Getting Comfortable with Token Standards
An in-depth comparison between TRC10 and TRC20, and how they relate to ICOs
Token nomenclature can get confusing, and it can be hard to keep up with the seemingly ever-evolving standards. In this TRON focused post, I’ll be giving you a technical overview of both the TRC10 and TRC20 tokens, as well as their purpose in relation to ICOs. By the end, you should have a much deeper understanding of not just these two types of TRX tokens, but how cryptocurrency tokens and smart contracts work in general.
You may have never heard of TRC10 tokens before, but they have been available since the launch of the TRON mainnet. Since the more recent TVM launch, the name has been introduced to distinguish them from their new TRC20 cousin.
TRC10 is widely supported, and if you currently have any kind of TRX token, chances are it’s a TRC10 token. That’s because this standard makes it incredibly easy to do an ICO (creating your own custom TRC10 token). It requires no programming knowledge of any kind. In fact, all that’s requires is having 1024 TRX in your wallet, and going through a few simple steps on the TronScan page.
This makes it a perfect initial token to create in order judge interest in your project. Another major benefit is that sending TRC10 tokens is free in most cases, only costing bandwidth (obtained by holding TRX and freezing it).
With the launch of the TVM, the TRON protocol enabled support for Ethereum Smart Contracts, enabling developers to start porting their Ethereum contracts to TRON. Tokens on the Ethereum network are Smart Contracts based on the ERC20 Token Standard. This standard defines the rules that a Token should conform to. This way, wallets don’t have to handle each token differently.

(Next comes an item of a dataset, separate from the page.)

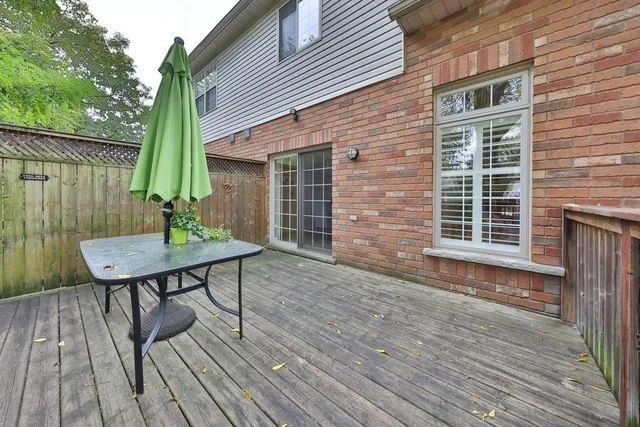 Additional image 37 of 289 PLAINS Rd Unit 24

Smart Contracts provide endless possibilities, and a TRC20 token can implement extra logic which isn’t possible with standard TRC10 tokens. A few key differences are that transferring a TCX20 token consumes both Bandwidth and Energy. The token may also be transferred in fractions, like sending a Satoshi.

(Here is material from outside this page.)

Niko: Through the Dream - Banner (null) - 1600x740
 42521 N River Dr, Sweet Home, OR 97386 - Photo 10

This enables ICOs to have numerous custom rules and rewards for users, such as stretch goals. In short, TRC20 is more complicated, harder to set up, and not as widely supported yet — but it is much more powerful and customizable.
Migrating from TRC10 to TRC20
Currently, there is no clear migration path for converting TRC10 tokens to TRC20, because TRC10 is not supported in smart contracts yet. It requires custom code to read TRC10 transactions and trade it with TRC20 tokens — meaning there is no clear-cut solution.

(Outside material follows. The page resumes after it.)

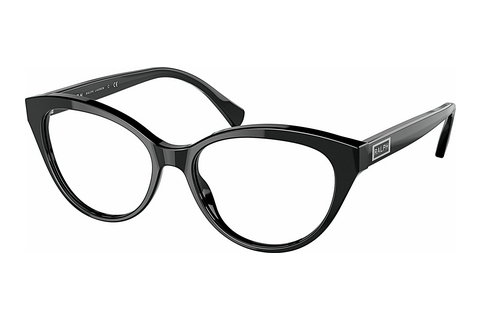 Gafas de diseño Ralph RA7116 5001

At a later stage, TRON may provide the tools to simplify this process.
Which one do I need when starting an ICO?
When starting an ICO there are several things to consider when choosing between the use of TRC10 or TRC20 tokens.
The ease of creating TRC10 tokens helps when you just want to run a prototype and check if there is any interest for your idea before investing in hiring a programmer for deploying a TRC20 token. Starting a TRC10 token doesn’t require any programming knowledge but does not provide the flexibility of smart contracts logic. TRC10 ICO’s are supported by most wallets and users will be able to buy your token during the ICO period from the wallet they already know.
The downside is that the supply of TRC10 tokens can’t be increased after the token has been created. Tokens can be burned by sending them to the TRON burn address.
In some cases you want your ICO to have more complex distribution rules, or you need your token to be able to be sent in fractions. In these cases, the flexibility of TRC20 is a better option. Deploying a TRC20 token requires knowledge of deploying smart contracts, which is not very straightforward with the currently available tools.
If you can manage this, however, smart contracts allow you to set different rules, for examples set a bonus period where users participating in your ICO receive more tokens if they buy early. Smart contracts also allow you to mint extra tokens at a later time, solving the limitation issue faced when using TRC10.
That’s it! It’s up to you which token standard you choose to use should you want to do an ICO, as each has its own benefits and shortcomings. I hope this post has shed some light on the topic and given you a clearer picture of what using either of these token types entails.
Note: The TRON Team has informed us that the nomenclature for the network token standards has been updated to TRC10 and TRC20.